Wheat: The wheat market closed unchanged in Chicago, just about breaking a run of seven straight down days. Kansas and Minneapolis wheat managed small gains. All three exchanges still posted fairly sizable losses for the week though, with Chicago wheat leading the way with a weekly decline of 5.5%. Clearly the spec shorts feel more comfortable leaving their wheat position open over a 3-day weekend than they do for those of corn or soybeans. For Chicago wheat this was the lowest close on the weekly chart since the first week of November. The US dollar pushing to new highs simply isn't helping US wheat get to many international buyers, other than what you might call "very traditional" homes. Yesterday's export sales of 225,625 MT weren't great.
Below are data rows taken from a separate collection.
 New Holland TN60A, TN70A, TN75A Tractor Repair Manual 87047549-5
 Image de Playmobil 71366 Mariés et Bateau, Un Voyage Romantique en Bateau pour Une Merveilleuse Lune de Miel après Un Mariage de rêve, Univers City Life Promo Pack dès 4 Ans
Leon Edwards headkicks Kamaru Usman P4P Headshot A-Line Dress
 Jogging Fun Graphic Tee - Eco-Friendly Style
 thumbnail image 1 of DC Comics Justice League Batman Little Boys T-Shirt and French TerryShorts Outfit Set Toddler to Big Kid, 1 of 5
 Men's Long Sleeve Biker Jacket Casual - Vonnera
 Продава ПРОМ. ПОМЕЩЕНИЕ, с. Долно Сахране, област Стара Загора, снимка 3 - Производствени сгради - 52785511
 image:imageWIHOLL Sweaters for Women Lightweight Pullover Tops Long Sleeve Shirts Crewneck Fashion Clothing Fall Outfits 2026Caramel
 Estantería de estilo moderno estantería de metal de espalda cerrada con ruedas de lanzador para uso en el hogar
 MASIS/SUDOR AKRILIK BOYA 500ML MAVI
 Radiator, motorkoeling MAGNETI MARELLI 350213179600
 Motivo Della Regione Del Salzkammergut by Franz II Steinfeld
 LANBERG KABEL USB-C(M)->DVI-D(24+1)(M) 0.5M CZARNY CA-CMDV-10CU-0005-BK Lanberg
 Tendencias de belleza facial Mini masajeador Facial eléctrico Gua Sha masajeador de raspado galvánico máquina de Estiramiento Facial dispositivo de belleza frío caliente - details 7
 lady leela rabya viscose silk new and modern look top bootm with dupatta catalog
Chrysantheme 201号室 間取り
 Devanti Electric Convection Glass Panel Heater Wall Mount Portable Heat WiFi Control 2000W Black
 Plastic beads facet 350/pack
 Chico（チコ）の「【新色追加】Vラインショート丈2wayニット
It's been 8 weeks since the US sold more than 500,000 MT of wheat in a week, and it's been 15 weeks since we had two successive weekly sales totals higher than that amount. The US dollar has risen by 10% versus the euro during that time. Russia's new punitive export duty will be in place in two weeks time, and Ukraine look like they intend to cap wheat exports too. It's Europe that will be the most likely main beneficiary of these moves though, not US wheat. China keeps picking up the odd cargo of US wheat, but otherwise it's the usual suspects of Japan, the Philippines, Mexico and various Caribbean buyers that US wheat is left with. Mar 15 CBOT Wheat closed at $5.32 3/4, unchanged; Mar 15 KCBT Wheat closed at $5.77, up 4 cents; Mar 15 MGEX Wheat closed at $5.84 1/2, up 3 1/2 cents. For the week Chicago wheat fell 31 cents, with Kansas down 23 1/2 cents and Minneapolis 18 cents lower.